The new packaging didn’t solve a larger problem. Last November, bitcoin began an epic decline, from about $64,000 apiece to roughly $16,000 today. Thousands of other coins are down 95% or more. With a crypto winter underway, it seemed impossible for HyperFund or its successors to keep paying rewards if they were truly the fruits of crypto-related investments.
By late last year, members had started to howl online that they could not withdraw their rewards. One of them was Mike Lucas, 61, who lives in Paterson, New Jersey, and spent much of his working life in the shipping department of A&P supermarkets. He was introduced to HyperFund through a friend of a friend.

“He’d invested in it, and he said, ‘Give it a try,’” Lucas said in an interview. “He showed me this chart of how much I’d earn in 600 days if I invested $50,000. Then I looked into Ryan and Sam, and they were real people who did crypto stuff.”

Last year, Lucas put $25,000 into HyperFund, all of it from an individual retirement account. A few months ago, when he tried to make his first withdrawal, nothing budged. At first he thought it was a technical problem — the instructions are fantastically complicated. At some point, he realized that his money was gone.

“I was hoping to use it to spend more time somewhere warmer, rent a place south, maybe North Carolina,” Lucas said. “Those plans are on hold, and I’m furious. At a loss for words.”

Over the summer, as the anger mounted, HyperVerse pivoted yet again and became HyperNation. Again, the rules changed. Members could transfer their rewards to the new platform only if they bought one of several bespoke nonfungible tokens, or NFTs, such as a “purple box,” which cost $10,000. Large returns were once again promised.

In his videos, de Hek treats all of these and other twists in the Hyper plot with a light touch, one befitting a farce. That’s especially true when the topic is Mr. H, a figure who now appears on HyperNation videos as some kind of spokesperson, wearing a gold mask and a black hoodie and uttering slogans — “HyperNation will be an equal, fair and transparent platform that can solve the pain points of today’s society” — in a variety of slick studio settings. It’s like getting lectured about utopia from a character in “Squid Game.”

Who is actually running HyperNation is a mystery that de Hek continues to plumb. In September, a man with a British accent named Keith Williams announced in a Zoom call of HyperNation elite — an insider sent de Hek a link to the recording — that he had been named “by corporate” as the global head of sales. He didn’t identify anyone in corporate, and de Hek has theorized that Williams is now in charge.

“Keith Williams has put his neck on the chopping block,” de Hek said in an interview. “Regulators will be looking for him.”
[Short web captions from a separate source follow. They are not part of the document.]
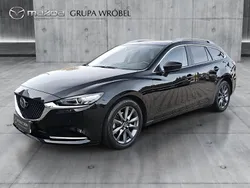 Machine gray Używany 2019 Mazda 6 Kombi | 109 900 zł (Drogi)
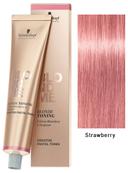 Schwarzkopf BlondMe Toning Strawberry 60ml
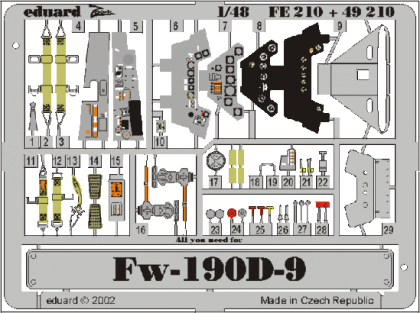 1:48 Fw 190D-9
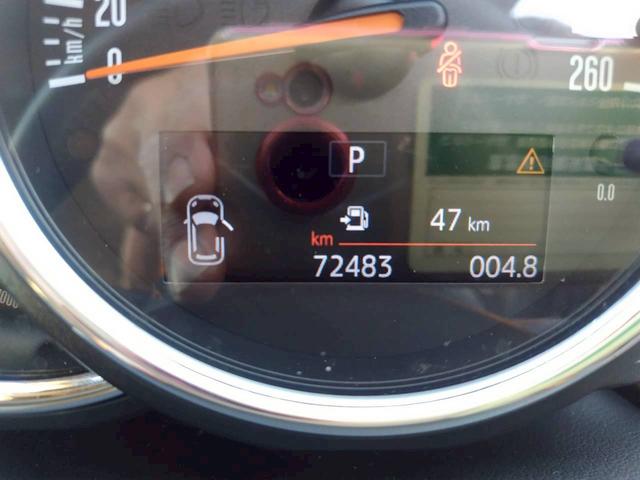 MINI クーパーD クロスオーバー 1オーナー 禁煙 ナビ BTオーディオ コーナセンサー Bカメラ 純正オプション18AW 新車取説保証書 スマートキー2個 パドルシフト ルーフレール(17枚目)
Williams could not be reached for comment through his LinkedIn page, Facebook account or phone numbers in online databases associated with him. He did not respond to emails sent to Future in Safe Hands, a personal coaching company where he is a director, according to Companies House, the British government’s business registrar. One recent evening, a woman at a residence that Companies House listed as Williams’ address, in a London suburb, said he was not home and offered to pass along a reporter’s business card.

In a recent HyperNation video, Williams described de Hek as a guy in a cheap suit looking to pay the rent through a YouTube audience.

De Hek’s suit is cheap, he says. But with a mere 2,500 subscribers, his YouTube audience remains tiny, and so far his labors on that platform have yielded a total of $1,200, after taxes, which works out to pennies per hour.

Without that drop-shipping business, he’d struggle. This doesn’t seem to bother him, in part because he is a born optimist and thinks this online scam-busting thing could one day catch on. Viewers have sent him dozens of links to likely online Ponzi schemes, and he plans to name and shame them all. If that creates enemies, fine.

“I’ve already had my life threatened,” de Hek said, with a smile. “My saving grace is that I live in New Zealand. I’m a long way from everyone.”